As a compromise for the newly improved CBA, the so-dubbed ‘rebel’ group agreed to forego their demand of a 13-round season from 2020 onwards, plus finals. This demand was hardly unreasonable to begin with as it would allow for a fair draw (something that has been extinct in the VFL/AFL for some time) where every team would play each other once. Instead, there will be an eight-round season (plus three weeks of finals) for 2020, a nine-round season (plus three weeks of finals) for 2021 and a 10-round season (plus three weeks of finals) for 2022. Some players fear that not having a competition where every team plays each other could mean that the AFLW is accused of being an exhibition tournament rather than a genuine competition. Moreover, 10 of the 14 AFLW clubs pushed for a 13-round league and challenged the integrity of the fixture to the AFL. These clubs were Brisbane, Carlton, Collingwood, Geelong, GWS, North Melbourne, Richmond, St Kilda and the Western Bulldogs.

This is all well and good, but the reality is the current TV deal cannot fund a 13-game minor round as Seven and Foxtel are unwilling to broadcast any more games. AFL CEO Gillon McLachlan has rejected calls for some AFLW games without them being broadcast on TV, and rightfully so. Devaluing the product in that way would have only damaged the league’s growth. But put simply, if TV networks are not willing to fork out for an expanded season – it means the league is not ready to expand. Therefore, the AFL have jumped the gun on AFLW expansion and this is a mess of their own creating.

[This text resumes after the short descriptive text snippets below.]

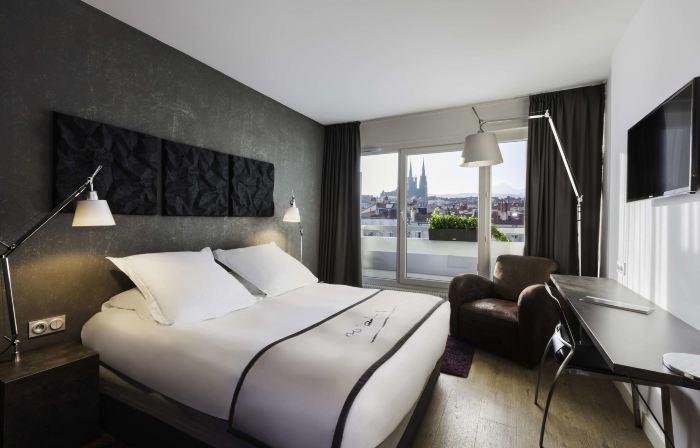 Hotel Littéraire Alexandre Vialatte,BW Signature Collection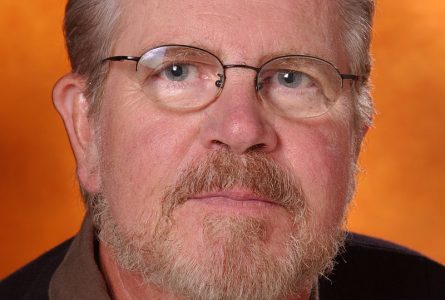 Tom Regan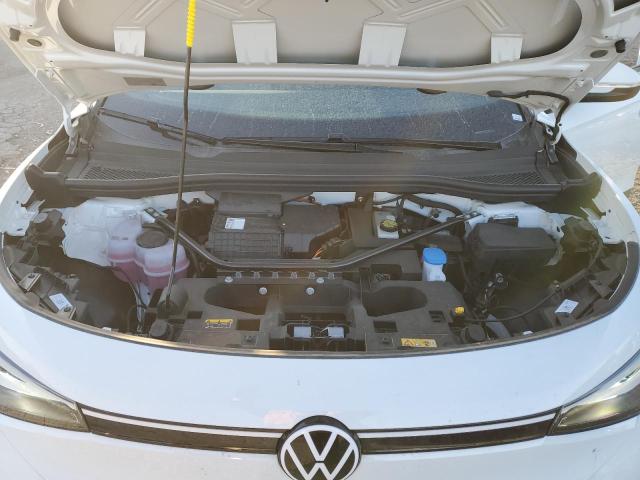 Photo 12 from auction – 2024 VOLKSWAGEN ID.4 with VIN 1V2BMPE80RC008498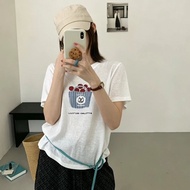 CN1253 - 8210 BASIC T-SHIRT XIAO7 STUDIO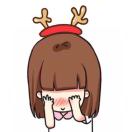 头上也有👿犄角👿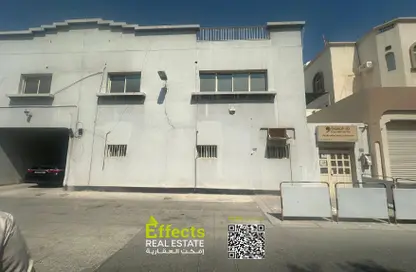 Whole Building - Studio for rent in Sanabis - Manama - Capital Governorate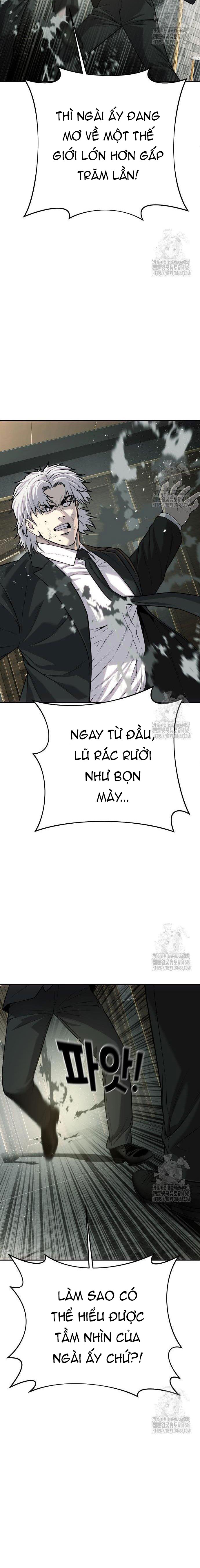 Đứa Con Báo Thù: Chapter 54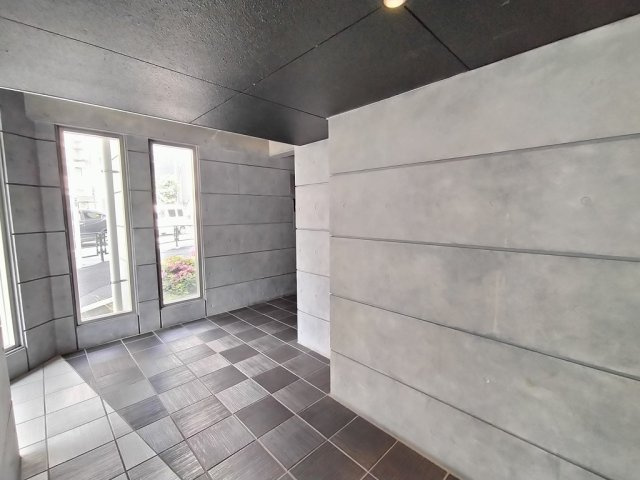 ワイズ　ル・リオン東京立石の内装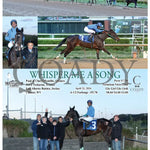 Whisper Me A Song - 04 - 21 - 24 R03 Mnr Mountaineer Park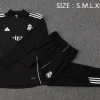 Real Madrid Conjunto 2025 2026 Negro - Real Madrid Barata | PTDHMALL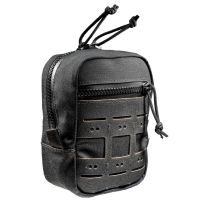Bolsillo MOLLE FROG.PRO Zippered Utility 4x3 FZ negro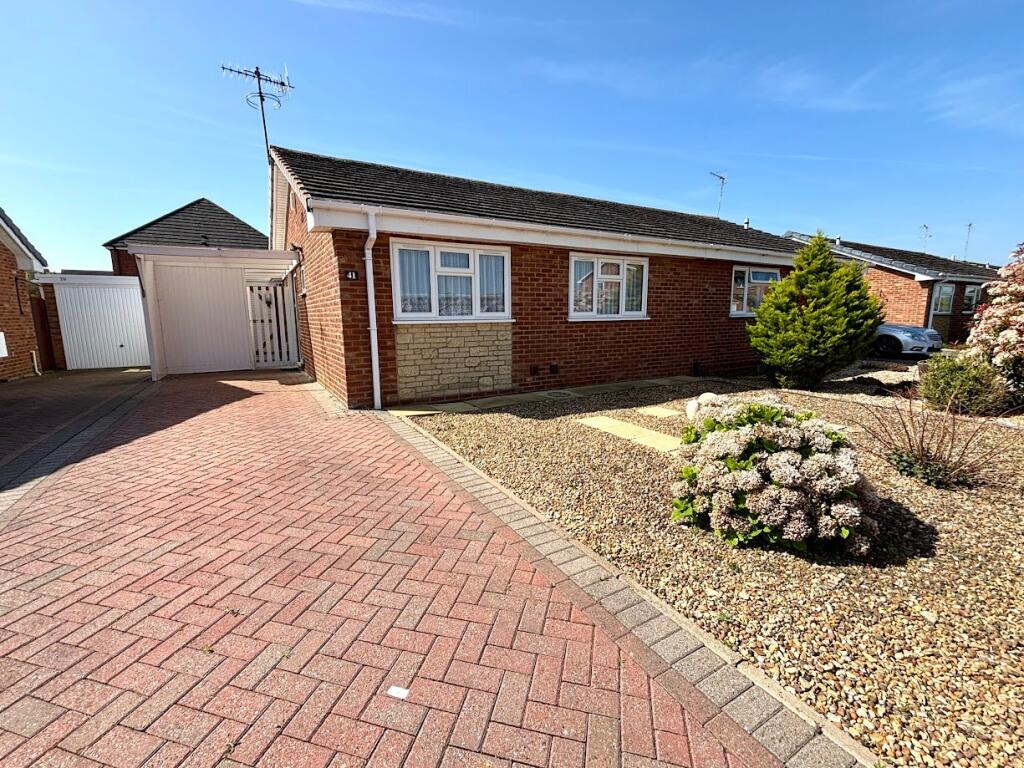 Main image of property: Hamilton Road, Evesham, Worcestershire, WR11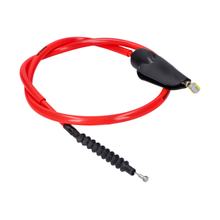 Kupplungszug Doppler PTFE für Derbi Senda 02-05, Gilera SMT, RCR -2005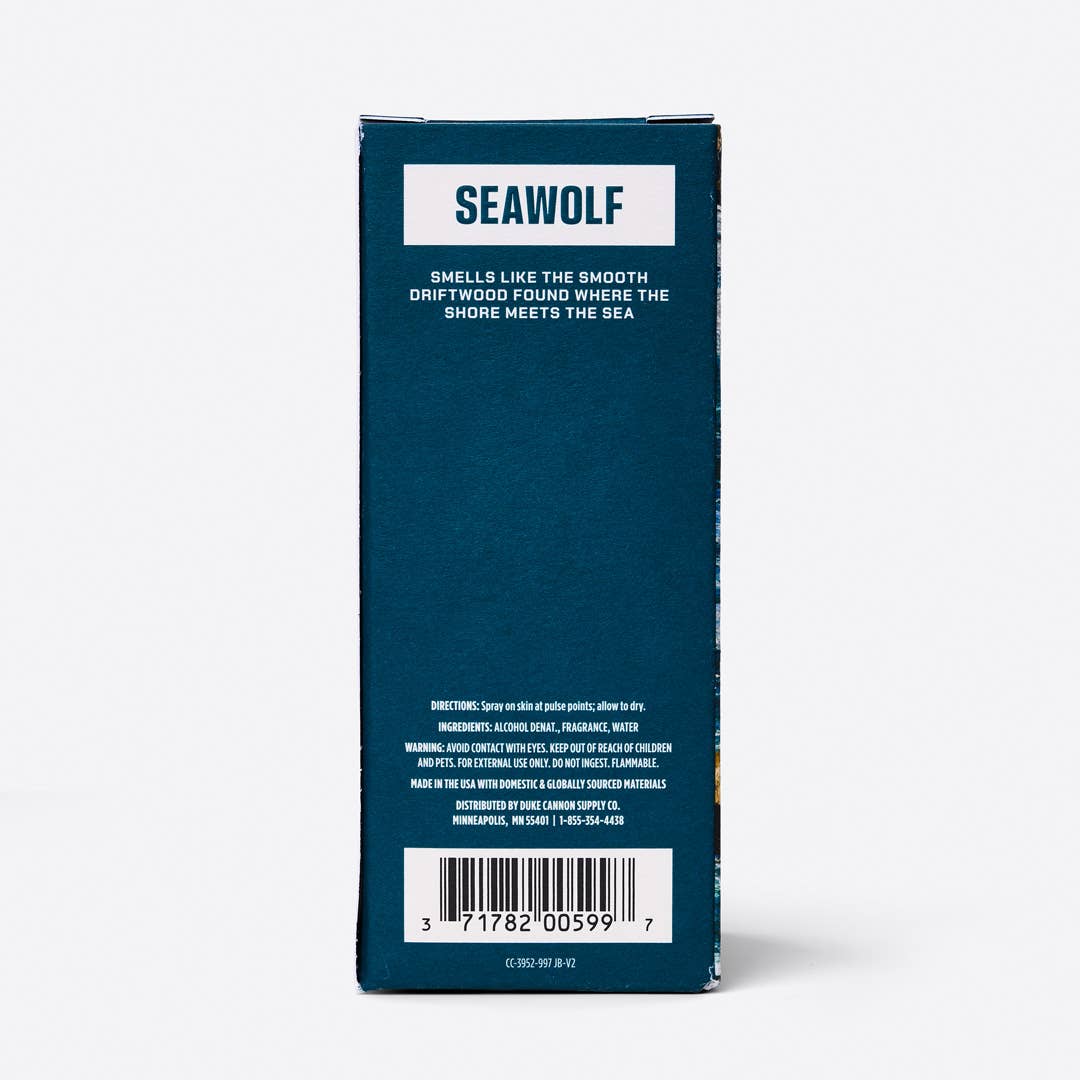 Seawolf Proper - Cologne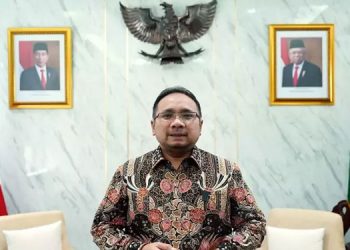 Waisak 2568 BE, Menag: Jalin Sinergi untuk Beri Kontribusi Terbaik bagi Bangsa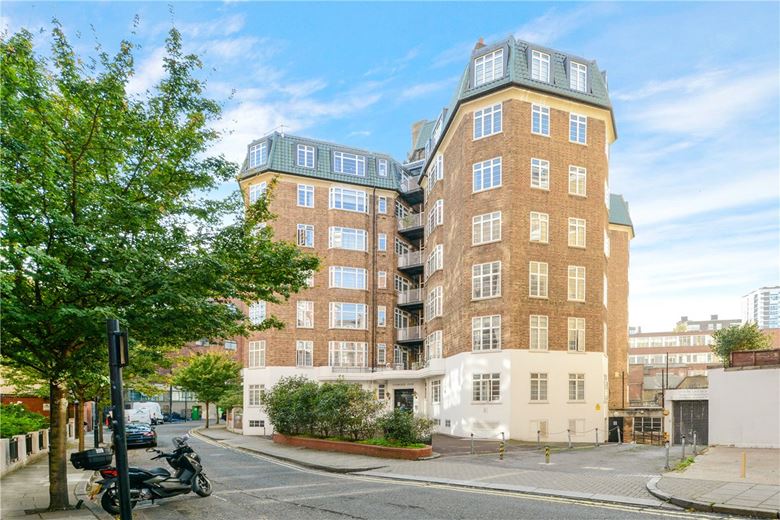 2 bedroom flat, Stourcliffe Close, Stourcliffe Street W1H - Let Agreed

Rather than expansion for the sake of expansion, the AFL should have instead focused on improving the AFLW product, so that it is at the stage where broadcasters are wanting more – not less.

The AFLW will once again go with their farcical “conference” system that put a flamethrower to the integrity of the competition last season. This “conference” system is generally detested by the players and the majority of the clubs want it scrapped. The system where teams are divided into two separate ladders as “Conference A” and “Conference B” is awful, especially considering it is not actually a genuine conference system. The two ladders are completely unnecessary as teams from one ‘conference’ also play multiple teams from the other.

It is no less a “conference” system than the men’s comp who too play their rivals an unequal amount of time. No one in their right mind would want the AFL ladder spilt into two conferences, and it should be the case for the AFLW. The made-up “conference” system last season resulted in the wrong teams getting into the finals with Conference A being much stronger than Conference B. There is no extra relationship between the teams in one conference than the other. There is nothing tying them together. If the AFL and AFLW are trying to sell this point, don’t buy it – it is pure nonsense.

If only the AFL held their nerve and resisted the temptation to expand so soon and so inorganically. Imagine, if the AFLW was still an 8-team comp where each team played each other once and there were three weeks of finals. Not only would it be a genuine competition, but there would be no “conference” systems and much less dissatisfaction amongst the playing group. The standard would also be much greater with less teams. Shouldn’t that be the priority?

But instead we have an absolute shambles on many fronts.

What’s that saying about good things and those that wait?